Para viabilizar o crescimento brasileiro algumas medidas urgentes precisam ser adotadas. A primeira delas deve ser o aprimoramento da regulação do gás natural, tornando as regras mais modernas e ajustadas à nossa realidade. A ampla abertura do mercado de gás natural com a possibilidade de o consumidor final de gás natural ser livre para escolher o seu fornecedor é de suma importância para a entrada de novos agentes, para a atração de investimentos e para o desenvolvimento de toda a indústria conexa. A experiência em outros países mostra os bons resultados advindos de combinar medidas de ajuste regulatório com políticas industriais.

Isso deve ser o incentivador de um movimento de mercado que já está em curso. Apesar de o setor industrial brasileiro vir apresentando crescimento desacelerado nos últimos anos, por conta de questões de preços e de infraestrutura, segundo a EPE, estima-se que ele vá consumir cerca de 33 milhões de m³/dia em 2022. Esse aumento representa um crescimento em torno de 20% em uma década.

Outra medida importante é a manutenção da agenda sistemática de leilões de áreas de exploração de óleo e gás e a implementação de políticas públicas para a industrialização dos recursos de propriedade da União, os quais serão produzidos pelos campos sob controle de partilha de produção. Nesse caso, o objetivo é criar uma segurança de fornecimento que crie atração de investimentos agregação de valor e dê início a um círculo virtuoso semelhante ao ocorrido nos Estados Unidos.

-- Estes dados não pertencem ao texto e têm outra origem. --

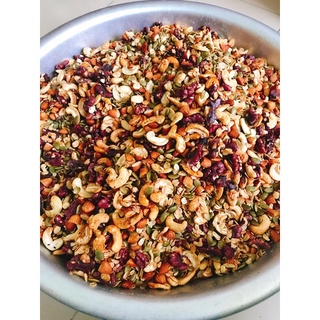 Ngũ cốc ăn kiêng granola có yến mạch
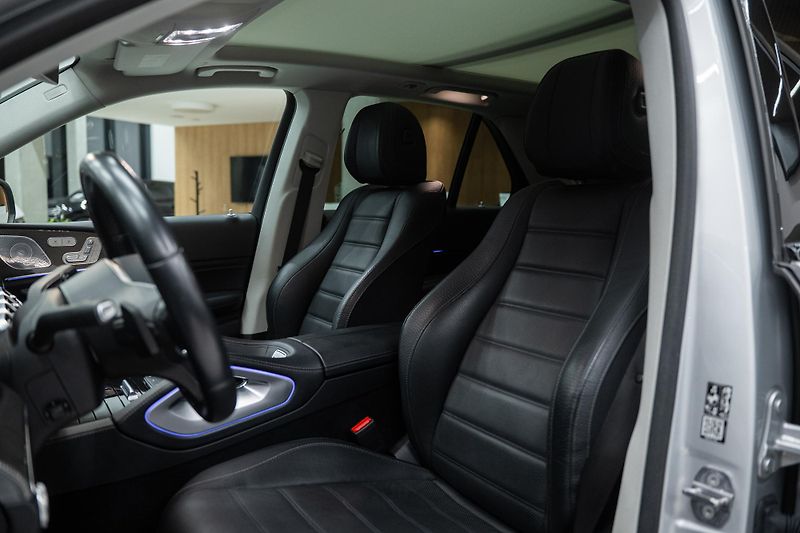 Mercedes-Benz GLE (2020) 350D 4x4 AMG PREMIUM AIRMATIC - fotka 22 z 48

Garantir o máximo aproveitamento dos recursos do pré-sal é outra prioridade. Isso significa adotar uma política que incentive a industrialização do óleo e do gás natural. Para aquele, o refino e aumento da produção de derivados de petróleo. E para o gás, a criação de mecanismos para maximização do aproveitamento dos líquidos de gás. A extração dos líquidos do gás natural agregará valor aos recursos e desenvolverá toda a cadeia química. Em contrapartida, esse movimento fortalecerá o próprio desenvolvimento do pré-sal, já que cria uma demanda firme, além de agregar divisas por meio da industrialização dos recursos.

Outro elemento fundamental, ainda alinhado às megatendências, é o uso racional dos recursos e a preocupação com a sustentabilidade. Pelo lado da produção de energia mais limpa, o papel do gás já está consolidado. Ele já desempenha papel significativo no mix de energia global e responde por 24% da energia primária mundial. É hoje a segunda fonte mais utilizada para geração de energia elétrica, com participação de 22%. O gás também tem o potencial de desempenhar papel significativo na transição para um futuro energético mais limpo, devido ao menor nível de emissões de CO2, em relação à queima de carvão e do petróleo. Segundo o estudo World Energy Outlook, da Agência Internacional de Energia, o gás é o único combustível fóssil que manterá participação no mix energético das próximas décadas, apoiado por políticas de redução de emissões.

De novo nos deparamos com um dilema que precisa ser resolvido. A simples queima do etano presente no gás, por exemplo, quando comparada a seu uso como matéria-prima, gera maior emissão de gases de efeito estufa. Segundo um estudo da ACV Brasil, para cada 1% de aumento da concentração de etano no gás natural destinado à queima, há uma emissão adicional de aproximadamente 135 Gg de CO2 equivalente.

O cenário mundial está posto. O Brasil agora terá de decidir agora se busca o caminho do crescimento e industrialização ou se fica para trás na carreira da história como exportador de commodities.